Più di due grandi imprese su tre hanno dovuto aumentare la dotazione di pc portatili e altri strumenti hardware (69%) e di strumenti per poter accedere da remoto agli applicativi aziendali (65%); tre PA su quattro hanno incoraggiato i dipendenti a usare i dispositivi personali; il 50% delle PMI non ha potuto operare da remoto. A livello organizzativo, invece, è stato difficile mantenere un equilibrio fra lavoro e vita privata per il 58% delle grandi aziende e il 28% dei lavoratori, e per il 33% delle organizzazioni i manager non erano preparati a gestire il lavoro da remoto.

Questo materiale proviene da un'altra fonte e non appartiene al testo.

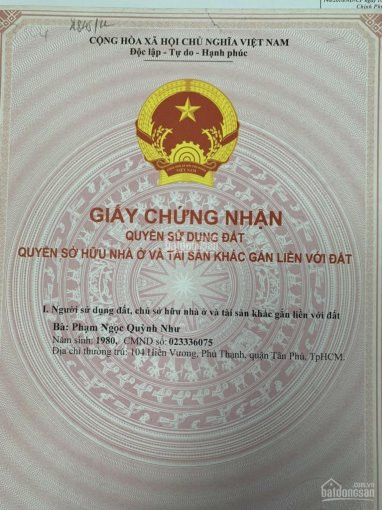 Chính Chủ Bán Nhanh Gấp Nhà Phố Liền Kề Ngay Citi Bella 2, Một Căn Duy Nhất Giá Rẻ đã Có Sổ Hồng, Giá 55 Tỷ 7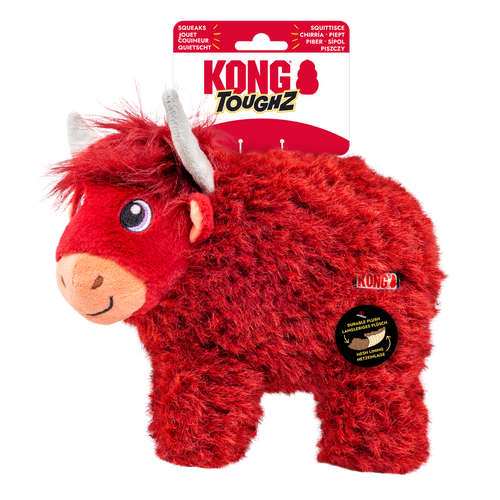 KONG Toughz Highland Cow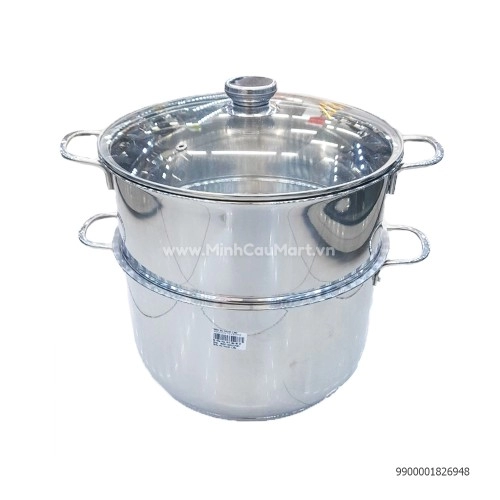 Bộ xửng inox 30-3 đáy NK GP Bộ xửng inox 30-3 đáy NK GP
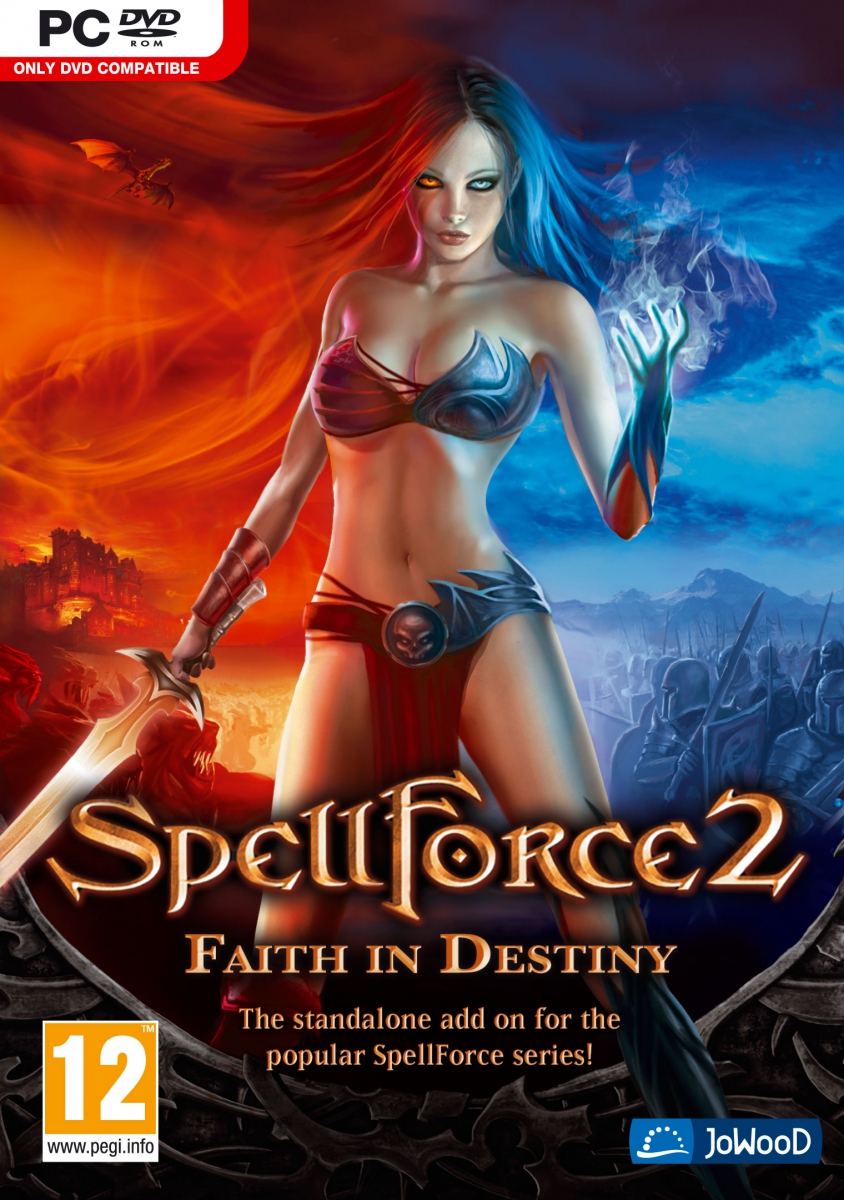魔幻世紀 2：命運的信念-SpellForce 2: Faith in Destiny-　　《魔幻世紀 2：命運的信念 (SpellForce 2: Faith in Destiny)》是《魔幻世紀 2》的第二部資料片。官方指出，《魔幻世紀 2》不但結合了即時戰略遊戲的大量元素，並結合相當濃厚的 RPG 元素，玩家扮演的主角不但可進行一連串任務和冒險，體驗豐富的劇情，還可以調兵遣將指揮部隊進行作戰，運用策略對抗敵人，充分結合了 RPG 和 RTS 的重點。

　　《魔幻世紀 2：...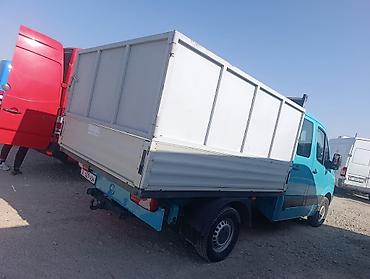 atego 818: Грузовик, Mercedes-Benz, Дубль, 4 т, Б/у — 3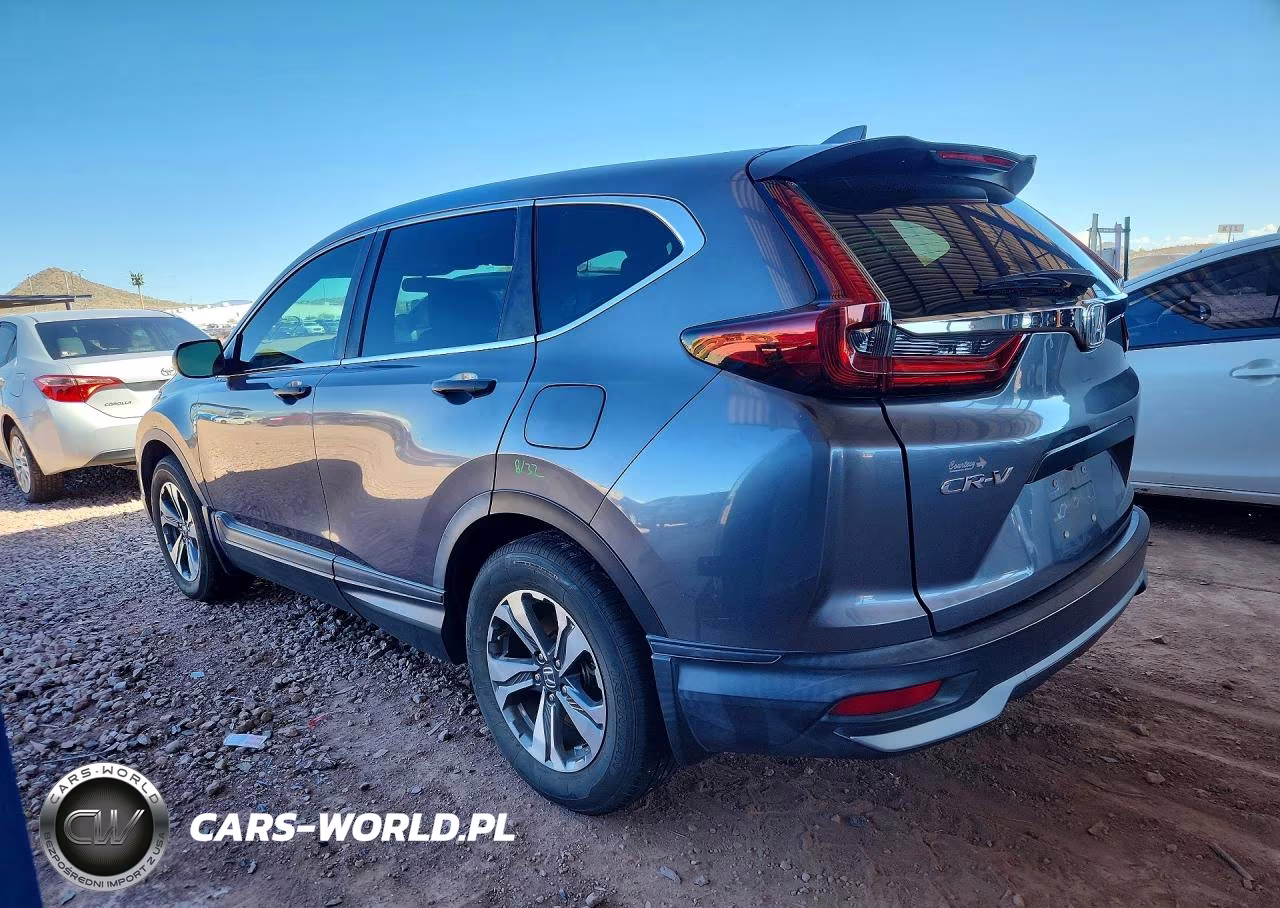 2020 Honda Cr-V Lx VIN:5J6RW1H22LA002553 - 2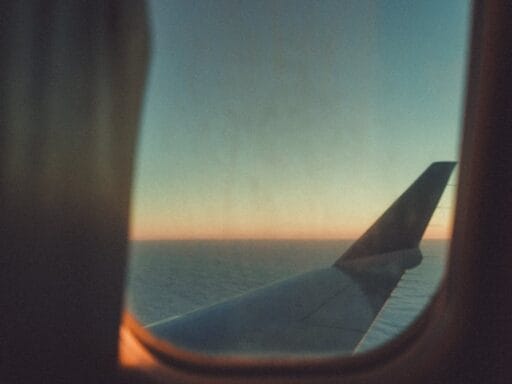 Captions for first flight experience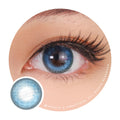 Sweety Bubbly Blue (1 lens/pack)-Colored Contacts-UNIQSO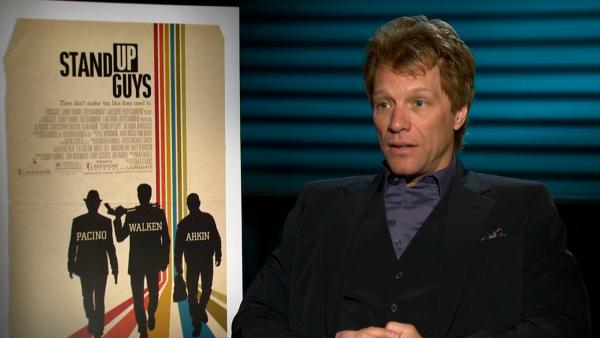Jon Bon Jovi talks to OTRC.com about the 2012 movie Stand Up Guys. - Provided courtesy of OTRC Jon Bon Jovi talks to OTRC.com about the 2012 movie Stand Up Guys. - Provided courtesy of OTRC
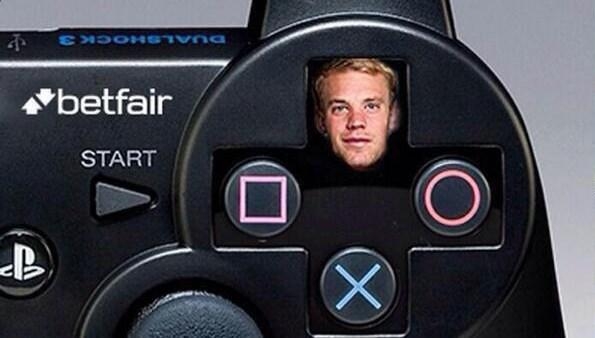 Talihsiz 'patron' Manuel Neuer 4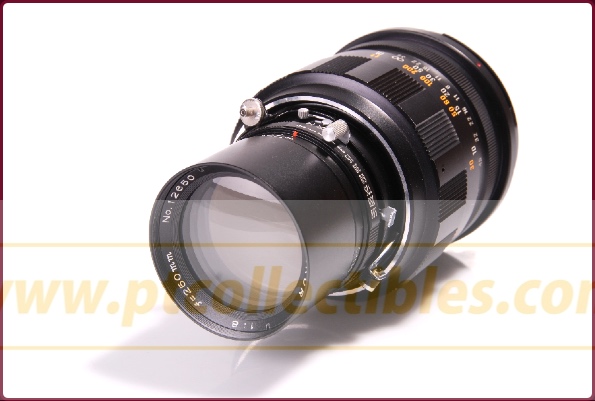 Mamiya Press / Super23  250/8.0 sekor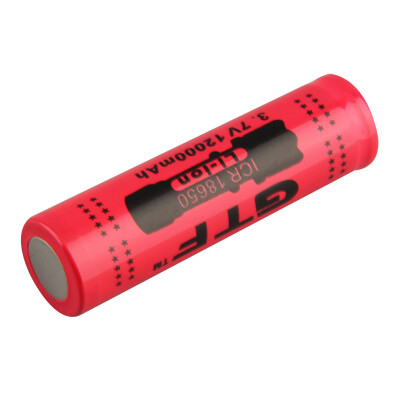 

18650 3.7V 12000mAh Rechargeable Li-ion Battery for LED Torch Flashlight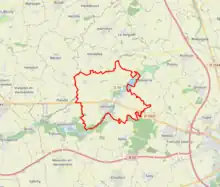 Avec les communes environnantes.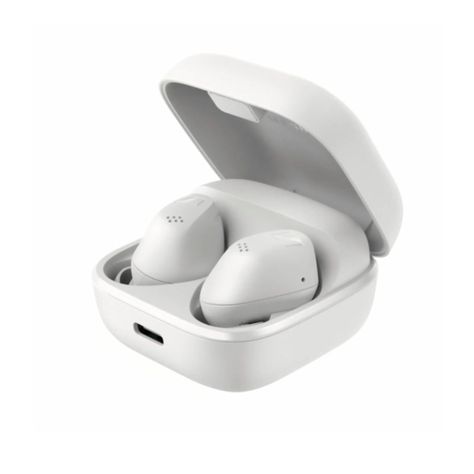 Audífonos sennheiser true wireless Bluetooth 5.3 blanco-1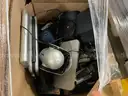 Lot of Cell Phones (Scrap), Nikon Camera, and Other Electronics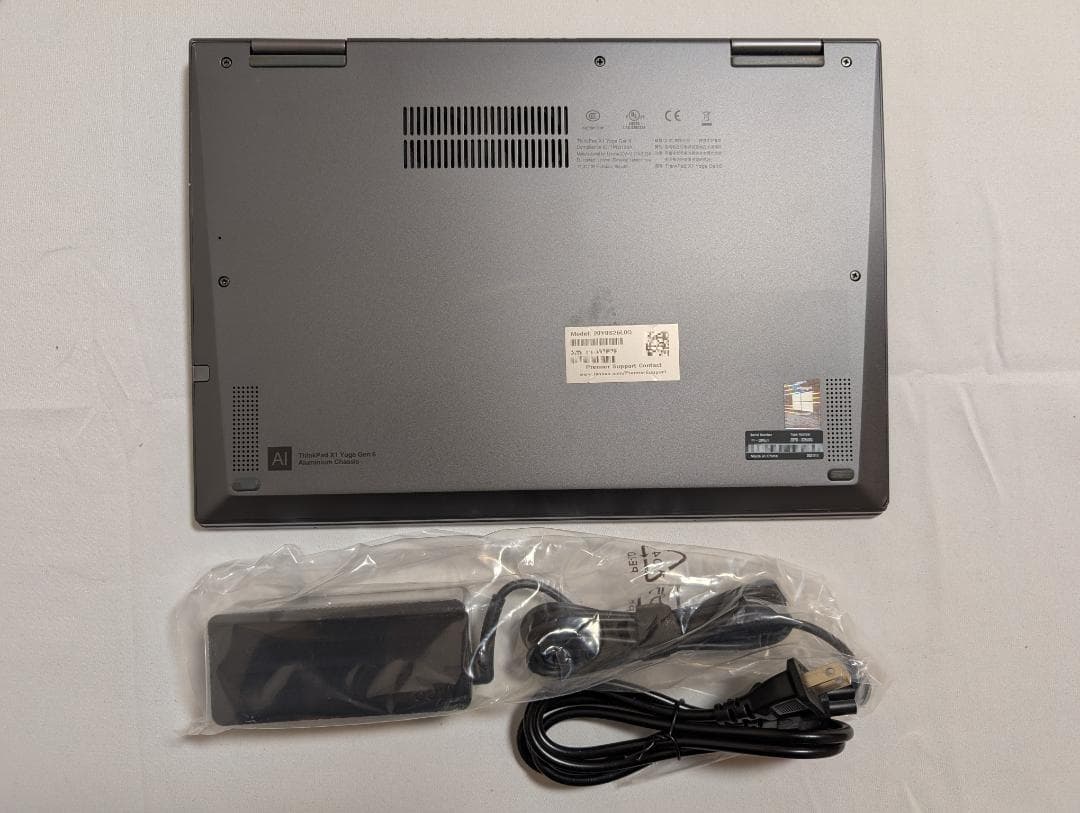 ThinkPad X1 Yoga Gen6 i7/16G/256G/4Kタッチ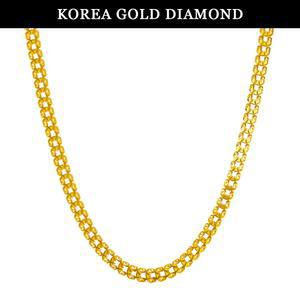 [한국금다이아몬드] 순금 체인 목걸이 24K 금목걸이 벌집 18.75g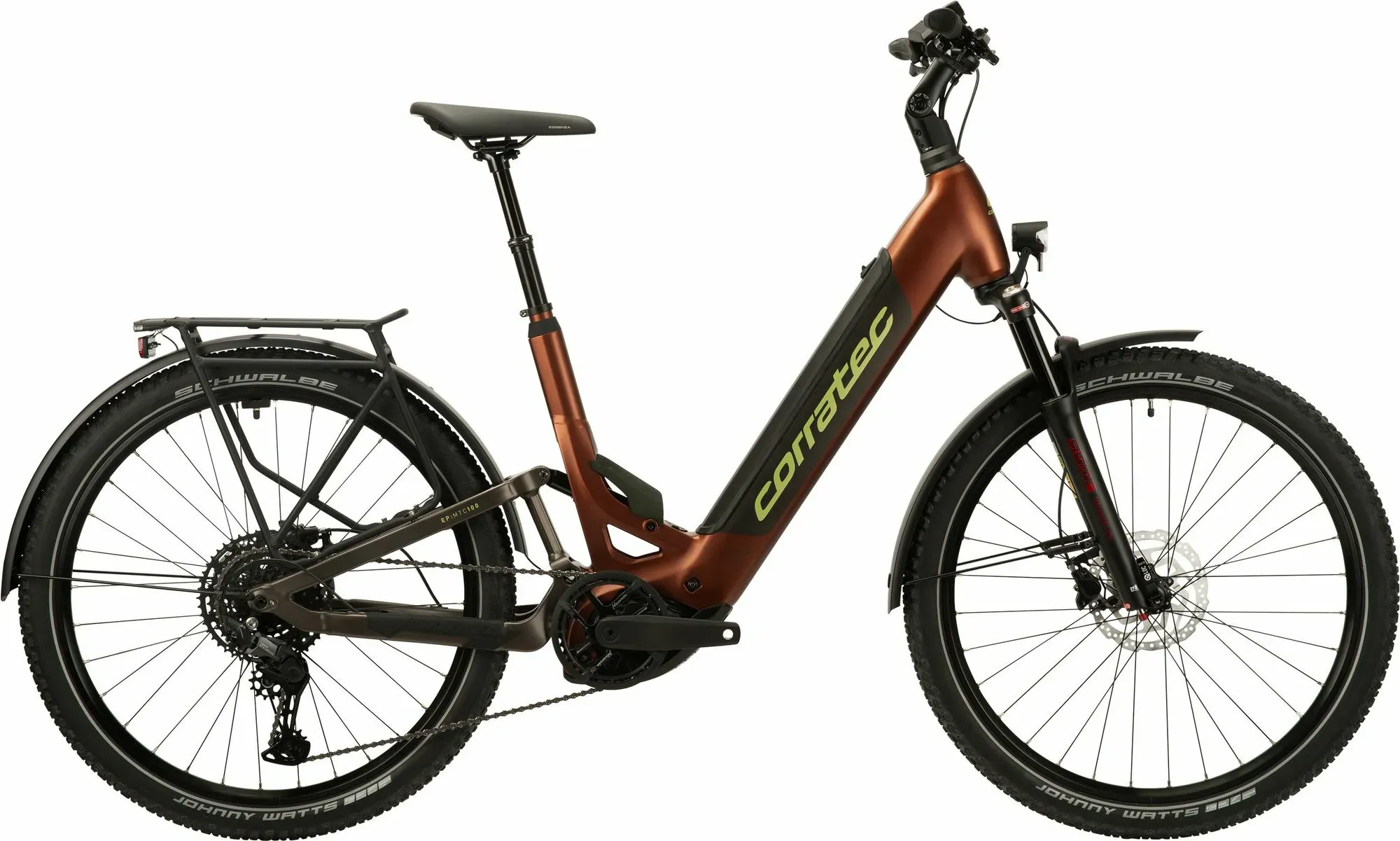 Corratec Corratec E-Power MTC 100 Wave CX6 2025 | 600 Wh | 29 Zoll | Tiefeinsteiger (Bild 1)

Nonostante le difficoltà, questo smart working atipico ha contribuito a migliorare le competenze digitali dei dipendenti (per il 71% delle grandi imprese e il 53% delle PA), a ripensare i processi aziendali (59% e 42%) e ad abbattere barriere e pregiudizi sul lavoro agile (65% delle grandi imprese), segnando una svolta irreversibile nell’organizzazione del lavoro.